Category:  Tech Watch
Thursday, February 23rd, 2012 at 1:50 PM
Tech Watch by David Hunter, Epic Web Studios

Teachers love apples in the classroom, and now it’s time to see how educators at Mercyhurst Preparatory School will feel about the Apples that will arrive in their classrooms within the next year. With the recent news of Mercyhurst Preparatory School receiving a $500,000 donation, from Bill and Betsy Vorsheck, to be used for technology, I was curious to see how their investment could be utilized. It was decided that Mercyhurst Prep would purchase 600-plus iPads for each of the school’s students and teachers to use in class and at home. 
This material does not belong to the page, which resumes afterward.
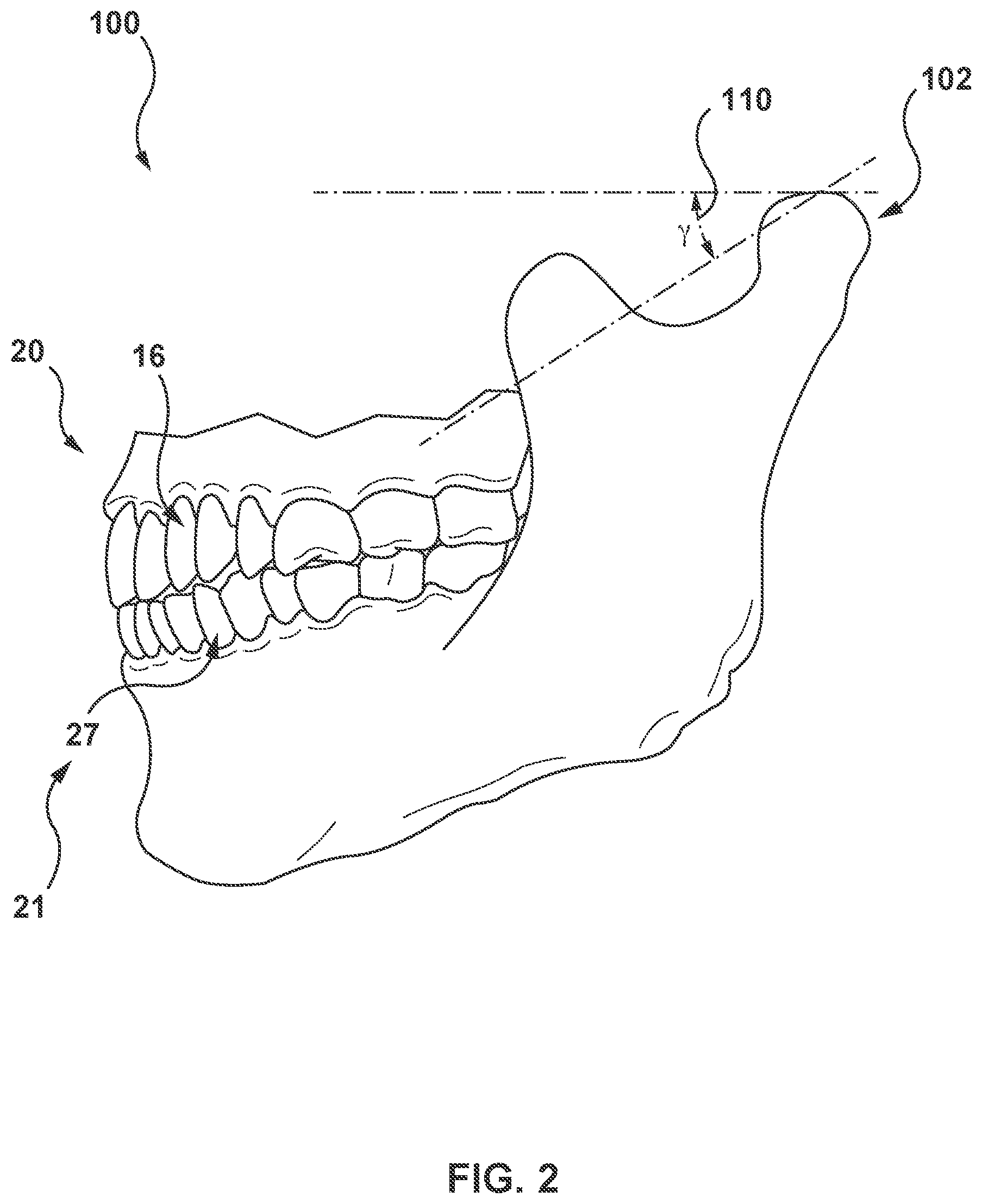 Patent US11793612 Figure 2 – Methods and systems for modeling mandibular motion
Several schools across the U.S. are adopting the technology of the revolutionary iPad, a finger-based tablet, in the classroom. Apple officials say they know of more than 600 districts across the country that have launched what are called “one-to-one” programs, in which at least one classroom of students is getting iPads for each student to use throughout the school day. Why is it that so many educators are turning towards the iPad, and does this mean that textbooks will become a story of ‘remember when’ that we tell future generations about someday? 
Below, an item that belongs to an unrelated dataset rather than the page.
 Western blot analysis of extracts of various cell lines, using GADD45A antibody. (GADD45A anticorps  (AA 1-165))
According to biographer Walter Isaacson, Apple co-founder Steve Jobs thought the iPad could make textbooks obsolete, telling News Corp. chairman Rupert Murdoch of his thoughts involving the textbook revolution. His vision could become more of a possibility with Apple’s introduction of three free pieces of software revolving around education. At the end of January, Apple released iBooks 2, a new version of its electronic bookstore, iBooks Author, a Macintosh program for creating textbooks and other books, and iTunes U, an application for instructors to create digital curriculums and share course materials with students. Currently, iTunes U is used by colleges to release video and audio from lectures, but the app will be available to kindergarten through 12th-grade schools, allowing teachers to present outlines, post notes, and communicate with their students on another platform. Currently publishers Pearson and McGraw-Hill are featuring electronic textbooks that contain videos, and other interactive elements while textbooks from Houghton Mifflin Harcourt are coming soon. 
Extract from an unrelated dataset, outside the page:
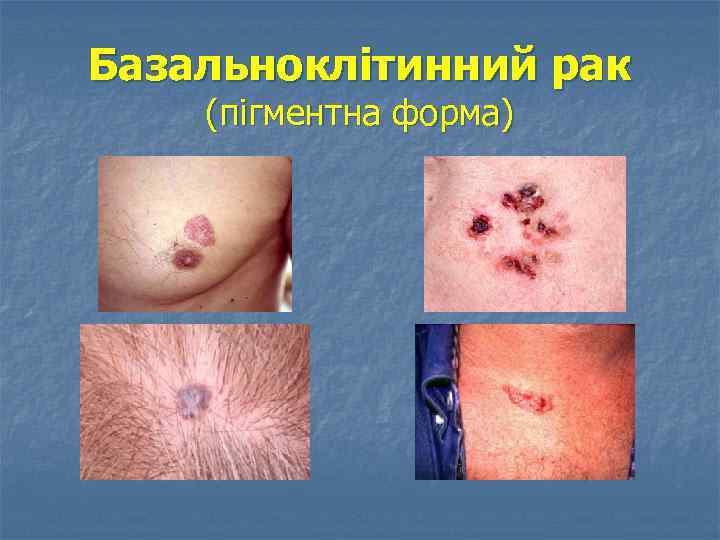 Базальноклітинний рак (пігментна форма)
So how is the device that changed everything now changing the classroom? iPads are taking students and teachers where regular textbooks cannot. The iPad inspires creativity and hands-on learning with features that can’t be found in other educational tools, on a device that students are excited to use. Powerful built-in apps and apps from the App Store allows students to engage with content in interactive ways, find information in an instant, and access an entire library wherever they go. Currently, there are more than 20,000 educational apps in the App Store for every type of learning and various subjects from sign language to science. With the introduction of Multi-Touch textbooks, iPad continues to take learning to a whole new level. If students don’t know a word or how to pronounce it, they can easily look it up, and if they want to learn more about a historical person, it’s all at their fingertips.

There are so many features of the iBooks app that all of the tools are literally at the student’s fingertips. Simply run your finger over a line of text and it’s highlighted. Then tap a highlighted section and a palette appears. Switch to underlining, change colors, or add notes. Change to Notes and view all of your notes and highlights instantly organized in one place with tappable links to the relevant passages. No more heavy Webster dictionaries, sticky Post-It notes, and bright Highlighters required to take notes on the text that you’re reading. 

The iPad is also not a replacement for desktop or laptop computers – it is a whole new category of device, with a different set of functionalities and should be considered in that light. In the college classroom, there can be a stigma when students are using laptops because they can be a distraction and a barrier between the student and teacher. Teachers are not as concerned about the iPad being a distraction or barrier because of the single program use and flat surface. Students cannot have multiple programs running at the same time – i.e. Facebooking rather than following along with the textbook.

Teachers at Mercyhurst Prep will receive their iPads and begin training at the end of this school year. With a memory capacity yet to be determined, we can say that Mercyhurst’s iPads will be the Wi-Fi version. In March, Apple will debut the iPad 3 and school officials at Mercyhurst will consider which version to purchase and what applications will benefit their students and teachers the most.